Cell ID | Parameter Name | Example Value | Notes |
CRC | edu.harvard.i2b2.crc.exportcsv.datamanageremail | userid@partners.org | Email address used for sending request/export e-mails |
CRC | edu.harvard.i2b2.crc.smtp.host | smtp.partners.org | SMTP host |
CRC | edu.harvard.i2b2.crc.smtp.port | 25 | SMTP port |
CRC | edu.harvard.i2b2.crc.smtp.ssl.enabled | FALSE | TRUE will enable SSL |
CRC | edu.harvard.i2b2.crc.smtp.auth | FALSE | TRUE will enable SMTP authentication |
CRC | edu.harvard.i2b2.crc.smtp.username | none | SMTP username (required for SMTP authentication) |
CRC | edu.harvard.i2b2.crc.smtp.password | none | SMTP password (required for SMTP authentication) |
CRC | edu.harvard.i2b2.crc.smtp.enabled | FALSE | TRUE will enable e-mails |
CRC | edu.harvard.i2b2.crc.smtp.from.fullname | Data Manager | Name that e-mails will be sent from. |
CRC | edu.harvard.i2b2.crc.smtp.from.email | datamanager@site.org | E-mail address that e-mails will be sent from. |
CC | edu.harvard.i2b2.crc.smtp.subject | i2b2 Data Request | Subject line for e-mails. |
CRC | edu.harvard.i2b2.crc.exportcsv.defaultescapecharacter | " | Escape character for export files |
CRC | edu.harvard.i2b2.crc.exportcsv.maxfetchrows | -1 | Maximum number of rows to export, or -1 for no limit |
CRC | edu.harvard.i2b2.crc.exportcsv.defaultlineend | \n | Line ending for export files |
CRC | edu.harvard.i2b2.crc.exportcsv.defaultseperator | \t | Field separator for export files |
CRC | edu.harvard.i2b2.crc.exportcsv.resultfetchsize | 50000 | Number of records retrieved during each database fetch. |
CRC | edu.harvard.i2b2.crc.exportcsv.filename | {{{PROJECT_ID}}}/{{{DATE_yyyyMMdd}}}_{{{FULL_NAME}}}.tsv | Parameterized template for export file names.
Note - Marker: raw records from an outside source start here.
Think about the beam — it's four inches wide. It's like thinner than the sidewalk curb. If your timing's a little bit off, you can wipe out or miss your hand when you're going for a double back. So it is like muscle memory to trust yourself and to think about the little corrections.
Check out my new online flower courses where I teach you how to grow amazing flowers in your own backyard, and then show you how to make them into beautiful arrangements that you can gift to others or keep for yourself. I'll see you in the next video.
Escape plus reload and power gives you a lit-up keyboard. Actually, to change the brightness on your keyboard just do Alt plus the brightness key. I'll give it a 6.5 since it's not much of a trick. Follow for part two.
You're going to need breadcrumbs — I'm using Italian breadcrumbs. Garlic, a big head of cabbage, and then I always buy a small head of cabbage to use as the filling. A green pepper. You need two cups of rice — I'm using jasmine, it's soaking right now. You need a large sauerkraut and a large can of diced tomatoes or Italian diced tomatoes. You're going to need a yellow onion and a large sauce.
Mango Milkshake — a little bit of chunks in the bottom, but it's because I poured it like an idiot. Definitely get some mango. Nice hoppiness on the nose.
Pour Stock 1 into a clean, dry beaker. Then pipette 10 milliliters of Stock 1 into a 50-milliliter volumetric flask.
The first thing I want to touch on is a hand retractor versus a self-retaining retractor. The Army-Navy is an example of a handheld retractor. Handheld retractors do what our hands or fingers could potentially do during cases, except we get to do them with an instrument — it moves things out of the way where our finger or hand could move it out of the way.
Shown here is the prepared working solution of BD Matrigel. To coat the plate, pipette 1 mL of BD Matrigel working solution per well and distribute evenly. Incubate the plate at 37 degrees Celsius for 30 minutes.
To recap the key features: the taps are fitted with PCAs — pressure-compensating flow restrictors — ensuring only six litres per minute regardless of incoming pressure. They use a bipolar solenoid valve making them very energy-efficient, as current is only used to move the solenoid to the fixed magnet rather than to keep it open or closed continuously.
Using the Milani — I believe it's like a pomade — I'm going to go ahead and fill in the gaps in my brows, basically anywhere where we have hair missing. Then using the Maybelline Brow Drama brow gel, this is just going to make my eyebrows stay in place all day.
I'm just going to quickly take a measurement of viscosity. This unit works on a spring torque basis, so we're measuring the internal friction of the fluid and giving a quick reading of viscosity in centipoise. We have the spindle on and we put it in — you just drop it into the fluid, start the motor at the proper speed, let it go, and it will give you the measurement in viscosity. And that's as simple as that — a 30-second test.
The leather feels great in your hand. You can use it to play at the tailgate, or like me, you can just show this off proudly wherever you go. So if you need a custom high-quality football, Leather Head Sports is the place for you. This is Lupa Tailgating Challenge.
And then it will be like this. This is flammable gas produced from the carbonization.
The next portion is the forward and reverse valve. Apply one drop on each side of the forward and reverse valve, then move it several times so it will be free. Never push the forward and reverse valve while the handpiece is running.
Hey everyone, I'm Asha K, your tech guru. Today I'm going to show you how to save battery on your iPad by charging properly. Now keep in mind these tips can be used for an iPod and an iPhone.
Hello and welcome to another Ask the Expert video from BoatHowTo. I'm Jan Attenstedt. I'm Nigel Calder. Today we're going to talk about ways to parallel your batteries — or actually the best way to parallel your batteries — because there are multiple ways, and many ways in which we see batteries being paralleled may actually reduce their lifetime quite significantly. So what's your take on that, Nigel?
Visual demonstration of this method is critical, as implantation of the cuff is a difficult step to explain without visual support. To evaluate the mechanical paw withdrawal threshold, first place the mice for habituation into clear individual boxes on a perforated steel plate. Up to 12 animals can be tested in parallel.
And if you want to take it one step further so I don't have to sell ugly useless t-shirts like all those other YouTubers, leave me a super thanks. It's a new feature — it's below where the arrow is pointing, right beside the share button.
If the extension is .zip, the file is zipped. |
CRC | edu.harvard.i2b2.crc.exportcsv.defaultquotechar | " | Quote character for export files |
CRC | edu.harvard.i2b2.crc.exportcsv.workfolder | /tmp/i2b2 | Folder on the i2b2 server for data exports |
CRC | edu.harvard.i2b2.crc.exportcsv.zipencryptmethod | none | Encryption method for the exported ZIP file. One of STANDARD, NONE, or AES. |
Request and Export Results:
Metadata about data request and export queries are stored in the QT_XML_RESULT table, in the XML_VALUE field:
Query Type | XML_VALUE example |
---|---|
Data Request | <?xml version="1.0" encoding="UTF-8" standalone="yes"?> <ns10:i2b2_result_envelope xmlns:ns6="http://www.i2b2.org/xsd/cell/crc/psm/querydefinition/1.1/" xmlns:ns5="http://www.i2b2.org/xsd/hive/msg/1.1/" xmlns:ns8="http://www.i2b2.org/xsd/cell/pm/1.1/" xmlns:ns7="http://www.i2b2.org/xsd/cell/crc/psm/analysisdefinition/1.1/" xmlns:ns9="http://www.i2b2.org/xsd/cell/ont/1.1/" xmlns:ns10="http://www.i2b2.org/xsd/hive/msg/result/1.1/" xmlns:ns2="http://www.i2b2.org/xsd/hive/pdo/1.1/" xmlns:ns4="http://www.i2b2.org/xsd/cell/crc/psm/1.1/" xmlns:ns3="http://www.i2b2.org/xsd/cell/crc/pdo/1.1/"> <body> <ns10:result name="PATIENT_DEMOGRAPHIC_REQUEST"> <data column="patientCount" type="int">1</data> <data column="RequestEmail" type="string">This user act in project NODE9 requested i2b2 request entitled - "ACT_Vaccination_14_53_14", submitted on May 22, 2024 2:53:13 PM, with the query master of 1492. </data> <data column="DataManagerEmail" type="string">datamanager@site.org</data> </ns10:result> </body> </ns10:i2b2_result_envelope> |
Data Export | <?xml version="1.0" encoding="UTF-8" standalone="yes"?> |
Software Changes:
- Data: New entries in HIVE_CELL_PARAMS, QT_QUERY_RESULT_TYPE, and QT_BREAKDOWN_PATH define the exporter configuration.
- Java code: New breakdown classes and updates to existing java classes to support the data exporter functionality.